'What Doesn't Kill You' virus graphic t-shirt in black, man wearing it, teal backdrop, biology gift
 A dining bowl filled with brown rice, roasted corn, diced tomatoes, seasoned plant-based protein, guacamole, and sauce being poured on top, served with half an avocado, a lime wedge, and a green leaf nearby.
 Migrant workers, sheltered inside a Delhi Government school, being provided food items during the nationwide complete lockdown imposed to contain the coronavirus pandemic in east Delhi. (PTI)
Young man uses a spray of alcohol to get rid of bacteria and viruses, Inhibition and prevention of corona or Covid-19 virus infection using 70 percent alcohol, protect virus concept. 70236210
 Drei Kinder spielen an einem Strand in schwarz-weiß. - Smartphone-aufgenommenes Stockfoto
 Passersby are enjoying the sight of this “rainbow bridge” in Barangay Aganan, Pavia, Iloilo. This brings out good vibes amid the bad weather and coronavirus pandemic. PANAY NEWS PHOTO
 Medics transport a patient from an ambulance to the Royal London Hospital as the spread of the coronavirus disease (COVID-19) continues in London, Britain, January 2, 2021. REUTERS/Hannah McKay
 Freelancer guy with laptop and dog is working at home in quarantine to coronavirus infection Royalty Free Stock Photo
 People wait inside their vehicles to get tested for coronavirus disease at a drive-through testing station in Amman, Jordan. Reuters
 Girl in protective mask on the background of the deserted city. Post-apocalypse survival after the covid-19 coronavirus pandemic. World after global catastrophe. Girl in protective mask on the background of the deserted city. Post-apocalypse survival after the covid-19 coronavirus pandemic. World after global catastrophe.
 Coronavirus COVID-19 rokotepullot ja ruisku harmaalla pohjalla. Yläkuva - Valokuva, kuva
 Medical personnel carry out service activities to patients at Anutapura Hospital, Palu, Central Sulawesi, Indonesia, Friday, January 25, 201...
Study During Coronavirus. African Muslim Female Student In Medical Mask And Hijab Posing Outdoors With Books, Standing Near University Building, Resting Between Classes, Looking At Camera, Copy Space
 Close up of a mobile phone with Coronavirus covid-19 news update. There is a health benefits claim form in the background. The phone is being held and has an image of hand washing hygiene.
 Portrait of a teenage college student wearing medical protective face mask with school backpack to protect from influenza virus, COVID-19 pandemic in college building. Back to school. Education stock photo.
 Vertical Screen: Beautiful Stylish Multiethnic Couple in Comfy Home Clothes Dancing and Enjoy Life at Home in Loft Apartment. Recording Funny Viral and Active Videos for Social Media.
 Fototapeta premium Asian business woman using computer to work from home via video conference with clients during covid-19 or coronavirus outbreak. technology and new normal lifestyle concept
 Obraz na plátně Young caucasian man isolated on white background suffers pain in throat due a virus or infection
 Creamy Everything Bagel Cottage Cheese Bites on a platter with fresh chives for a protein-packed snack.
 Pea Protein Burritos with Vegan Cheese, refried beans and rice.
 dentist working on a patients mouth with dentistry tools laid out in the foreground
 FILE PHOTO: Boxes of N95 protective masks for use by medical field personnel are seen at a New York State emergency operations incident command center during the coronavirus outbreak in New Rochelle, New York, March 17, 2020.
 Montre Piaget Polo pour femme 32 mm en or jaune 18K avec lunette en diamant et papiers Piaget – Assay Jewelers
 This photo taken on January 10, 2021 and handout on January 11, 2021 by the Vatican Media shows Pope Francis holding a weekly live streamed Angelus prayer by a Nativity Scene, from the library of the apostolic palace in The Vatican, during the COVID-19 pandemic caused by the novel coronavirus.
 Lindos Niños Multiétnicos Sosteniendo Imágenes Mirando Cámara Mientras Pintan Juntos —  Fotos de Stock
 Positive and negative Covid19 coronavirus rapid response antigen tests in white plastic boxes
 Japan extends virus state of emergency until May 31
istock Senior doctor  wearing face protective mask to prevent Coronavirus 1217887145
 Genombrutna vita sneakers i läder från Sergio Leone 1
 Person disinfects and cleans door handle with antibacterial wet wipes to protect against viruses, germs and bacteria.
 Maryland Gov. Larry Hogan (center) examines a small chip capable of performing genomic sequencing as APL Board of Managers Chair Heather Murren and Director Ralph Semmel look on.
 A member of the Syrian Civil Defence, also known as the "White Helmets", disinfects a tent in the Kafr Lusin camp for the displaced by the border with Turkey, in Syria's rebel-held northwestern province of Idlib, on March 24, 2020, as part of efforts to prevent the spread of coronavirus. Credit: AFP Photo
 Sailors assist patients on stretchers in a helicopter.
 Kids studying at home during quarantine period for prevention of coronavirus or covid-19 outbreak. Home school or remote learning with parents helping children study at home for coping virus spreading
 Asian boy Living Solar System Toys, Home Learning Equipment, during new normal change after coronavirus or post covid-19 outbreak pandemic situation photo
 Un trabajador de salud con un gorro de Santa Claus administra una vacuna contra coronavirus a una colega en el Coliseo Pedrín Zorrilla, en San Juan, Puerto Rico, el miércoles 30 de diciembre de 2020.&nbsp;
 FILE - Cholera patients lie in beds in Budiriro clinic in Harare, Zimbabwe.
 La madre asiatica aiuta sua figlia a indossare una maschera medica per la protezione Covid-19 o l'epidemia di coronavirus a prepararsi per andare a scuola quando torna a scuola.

+++++

**Work to complete**
Up to and including the line with "People wait inside", repeat the entries exactly, beginning at their first line.

**Finished exercise**
'What Doesn't Kill You' virus graphic t-shirt in black, man wearing it, teal backdrop, biology gift
 A dining bowl filled with brown rice, roasted corn, diced tomatoes, seasoned plant-based protein, guacamole, and sauce being poured on top, served with half an avocado, a lime wedge, and a green leaf nearby.
 Migrant workers, sheltered inside a Delhi Government school, being provided food items during the nationwide complete lockdown imposed to contain the coronavirus pandemic in east Delhi. (PTI)
Young man uses a spray of alcohol to get rid of bacteria and viruses, Inhibition and prevention of corona or Covid-19 virus infection using 70 percent alcohol, protect virus concept. 70236210
 Drei Kinder spielen an einem Strand in schwarz-weiß. - Smartphone-aufgenommenes Stockfoto
 Passersby are enjoying the sight of this “rainbow bridge” in Barangay Aganan, Pavia, Iloilo. This brings out good vibes amid the bad weather and coronavirus pandemic. PANAY NEWS PHOTO
 Medics transport a patient from an ambulance to the Royal London Hospital as the spread of the coronavirus disease (COVID-19) continues in London, Britain, January 2, 2021. REUTERS/Hannah McKay
 Freelancer guy with laptop and dog is working at home in quarantine to coronavirus infection Royalty Free Stock Photo
 People wait inside their vehicles to get tested for coronavirus disease at a drive-through testing station in Amman, Jordan. Reuters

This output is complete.